Well, it works! It's kind of stuttery at times, though (especially when there are large changes from frame to frame), and the pixelation/lack of double buffering isn't helping (more on this later). Here are some screenshots:

The videos are clips from 500 Days of Summer, Goodfellas, and Blade Runner respectively. The .nes files are attached; they look best in Nintendulator, but work on FCEUX and Nestopia as well. (My favorite is the Goodfellas clip, which plays part of the movie's famous Copacabana tracking shot.) Here are some statistics on the clips used:

• goodfellas - 51 seconds; 441,086 bytes of video
• 500ds - 74 seconds; 482,548 bytes of video
• bladeRunner - 48 seconds; 452,686 bytes of video

Note that the ROMs crash after the clip ends lol, because I haven't bothered putting in video length values yet. Also, there isn't any music, and I doubt there's currently enough rendering time left to play any (but I haven't tried yet).

The main bottleneck seems to be that the compressed video format is bit-aligned rather than byte-aligned.* I've implemented various techniques to mitigate the effect of this, but I still can't get it fast enough to consistently render all (15FPS video) frames in under 4 NES frames; in fact, some take as many as 6 to 8. In addition, given the approach I'm taking, double buffering wastes another frame or more when turned on (as it has to copy 2048 bytes from one RAM bank to another), so video is only single buffered. I'm going to try and come up with a byte-aligned format for interframes later and see if I can get better speed while still maintaining a decent compression ratio (right now it's about 25-30%, compared to an uncompressed video which uses 2KB for each frame).

But yeah, I hope you enjoy the demos! And if anyone's interested, I can post more about the compression format and how rendering works later. (Or, you can try and find out yourself... :D)

Sri




* This decision was partially because, until I actually implemented decompression on the NES itself, I was using Huffman encoding on the delta values and naively thought I would be able to decode them in realtime.

[Kasumi]

Heh.

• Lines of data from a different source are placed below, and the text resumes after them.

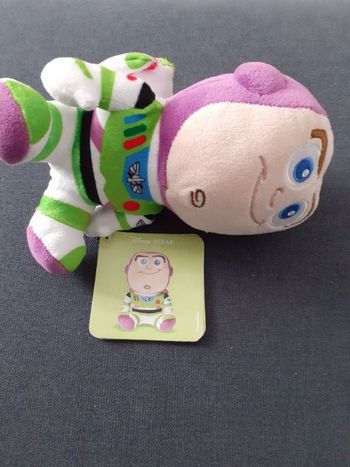 Peluche buzz l'éclair neuve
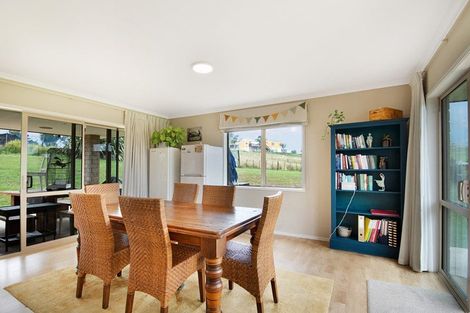 Photo of property in 64 Worsnop Way, Stillwater, Albany, 0794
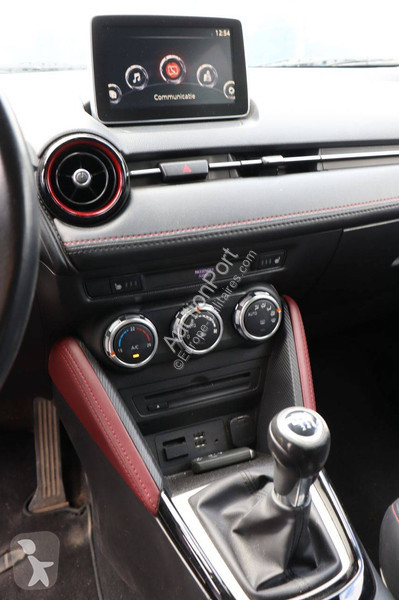Samochód dostawczy Mazda  CX3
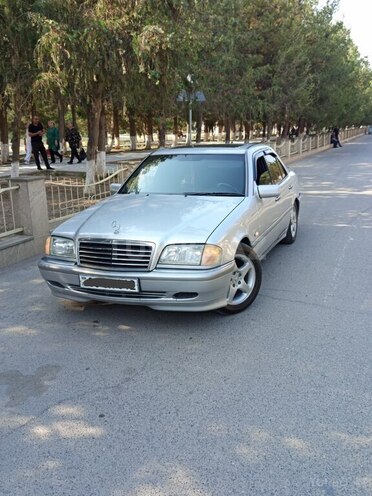 Mercedes C 220 1995, 130,000 km - 2.2 l - Şirvan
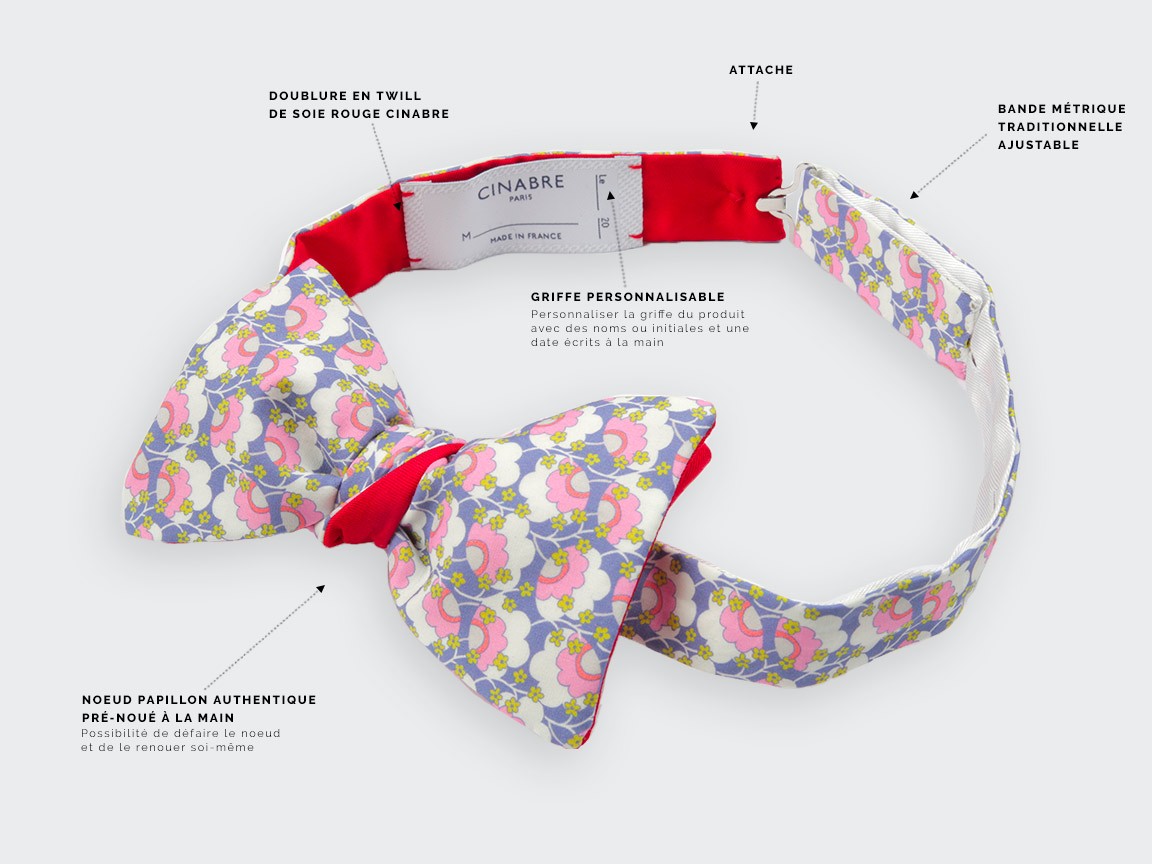 Noeud papillon fleuri rose en coton.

I knew "Steel Assault" sounded familiar.

Anyway, this stuff is really, really cool. And I'd certainly love to read about your video compression/implementation. I was happy enough just to get 53% on text, heh.

[thefox]

Cool stuff. Steel Assault seems nice too, despite not being an actual NES title.

Some day I want to try to do hardware accelerated FMV on PowerPak.

[ccovell]

Pretty cool to see some FMV going on for that long.

I did some NES experiments with animation/FMV back in 2000, but these had no compression and used no mapper:



http://www.chrismcovell.com/data/anims.zip (2 animation ROMs in archive)

[tepples]

Have you had time to look over my reverse engineering of Bad Apple's video format? Only the bitmap of what areas have changed is bit-based; the actual nametable values are byte-based.

Anyway, assuming infinite cartridge space isn't really a cheat. Pretend you have a 128 kilobyte RAM and an eMMC (NAND flash) that you can read through a separate mapper port. Someone on this board has proposed exactly this configuration.

[BMF54123]

What would be really cool is something like the MSU-1 for the PowerPak and/or Everdrive N8. Perhaps something with the same basic capabilities as an FME-7 or VRC6, but with the ability to stream a PCM sound file to the sound expansion pin, and a PRG/CHR data file to either a mapper register or directly to PRG/CHR RAM. Surely both cartridges have enough hardware to accomplish this.

[SriK]

Thanks, guys!

Anyway, this stuff is really, really cool. And I'd certainly love to read about your video compression/implementation. I was happy enough just to get 53% on text, heh.

The compression is actually extremely simple. The first frame is an intraframe (actual image data), encoded as follows:

Code: Select all

1  = repeat current value for 3 bytes (12 pixels)
10 = repeat current value for 1 byte (4 pixels)
11 = change current value to following value (next 8 bits)

And all the other frames are interframes (delta values), encoded as follows:

Code: Select all

1  = no change for 3 bytes (12 pixels)
10 = no change for 1 byte (4 pixels)
11 = add following value to current value (next 8 bits)

There's some other stuff about lossy encoding of delta values on the encoder side, but that's all the decompressor needs to do.

The implementation is a little bit trickier. Rendering is done using a program I wrote to autogenerate a giant unrolled loop, which executes MMC5 ExRAM nametable changes until HBlank then sets the scroll appropriately (writing to the nametable as it's rendering so that new rows of the image are transferred just as the old ones finish). Part of the image is also transferred beforehand, at the start of every new video frame, to help allow a bit of leeway. Decompression is relatively straightforward in comparison, though still fairly optimized (I think about as much as it can be without changing the format, or relying on self-modifying code stored in RAM).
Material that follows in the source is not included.